EFF statement on Mantashe and Western influenced regime change
11 May, 2015
The EFF rejects Gwede Mantashe’s claims of regime change influenced by the Western powers as yet another sign that ANC is planing to resist going out of power. Addressing the media after a meeting of former liberation movements in Zimbabwe, Mantashe claims that the Western powers are targeting South Africa because the regime is inconvenient to them. He went further to use the Zimbabwean example of ZANU-PF and MDC, arguing that MDC was a tool of the West to remove the former liberation movement, ZANU-PF.
As a point of departure, Mantahse must be told that whilst the ANC and ZANU-PF share common history in that they are both liberation movements, they also differ in significant ways. To mention only two, the ANC, unlike ZANU-PF never liberated the country through a guerrilla war, or even conventional war.
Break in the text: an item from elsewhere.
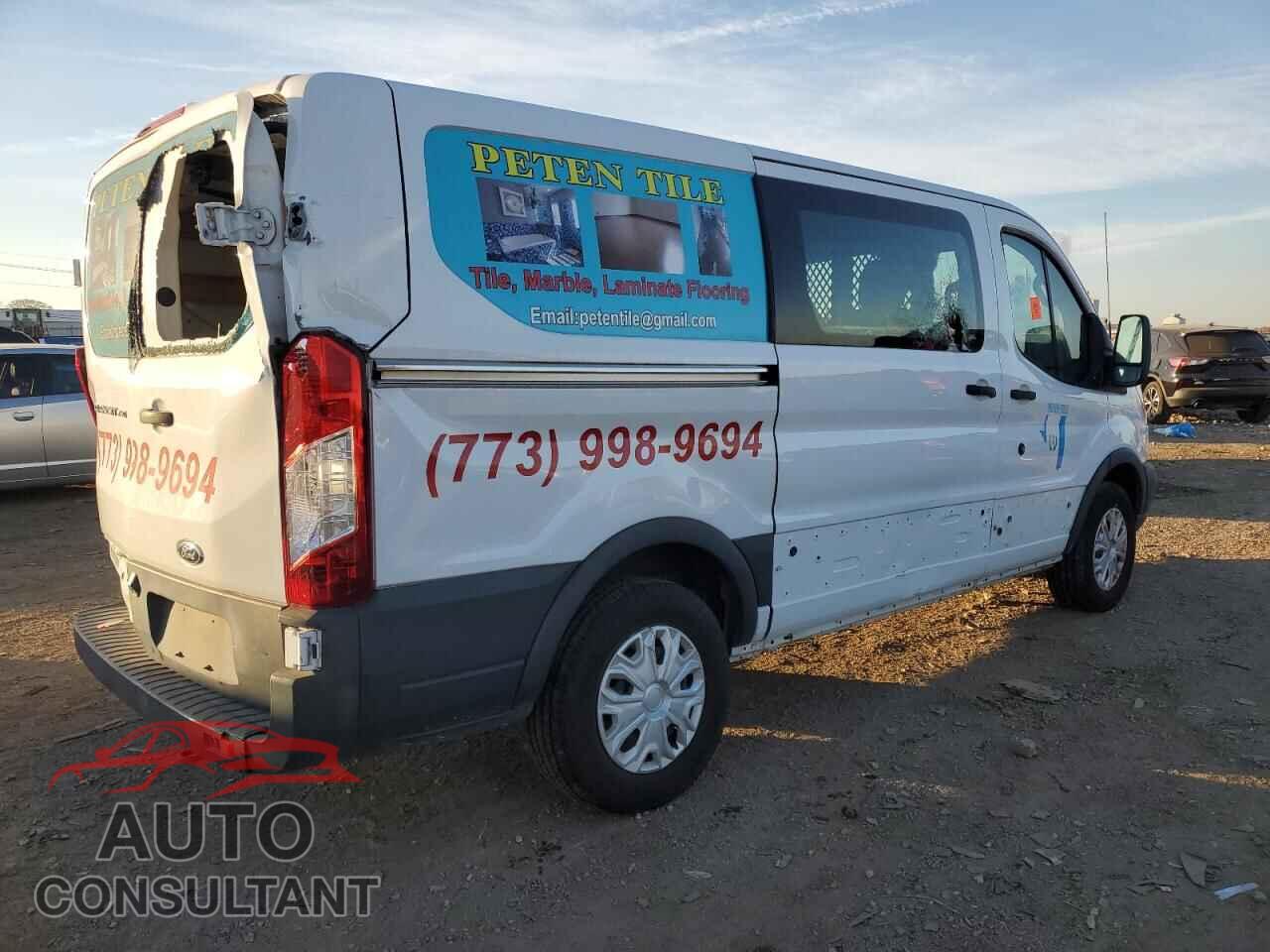 FORD TRANSIT 2019 - 1FTYR1YM4KKB01782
The South African struggle was won not because of the strength of liberation movement armed forces, but the resilient protest activities of unarmed youth and workers’ movements. It is the death and sacrifice of these unarmed protesting masses that would mobilise the international community towards full international isolation of South Africa.
This is critical because it essentially means the people, and not the ANC, liberated South Africa. The South African people never waited for liberation armies to come and save them from the murderous apartheid regime. Above all, the liberation armies never came, never conducted any war inside the country, except in missions that relied on the very protest ability of our people.
The second significant difference that Mantashe must know of is that the ZANU-PF government, unlike the ANC government, expropriated land from white people. This is the pragmatic basis upon which many revolutionaries, now and then, believed in the claim that MDC was being used by Western forces to remove the ZANU-PF government. Regardless of all its weaknesses, ZANU-PF became the target of the West because of its refusal to concede on the land question.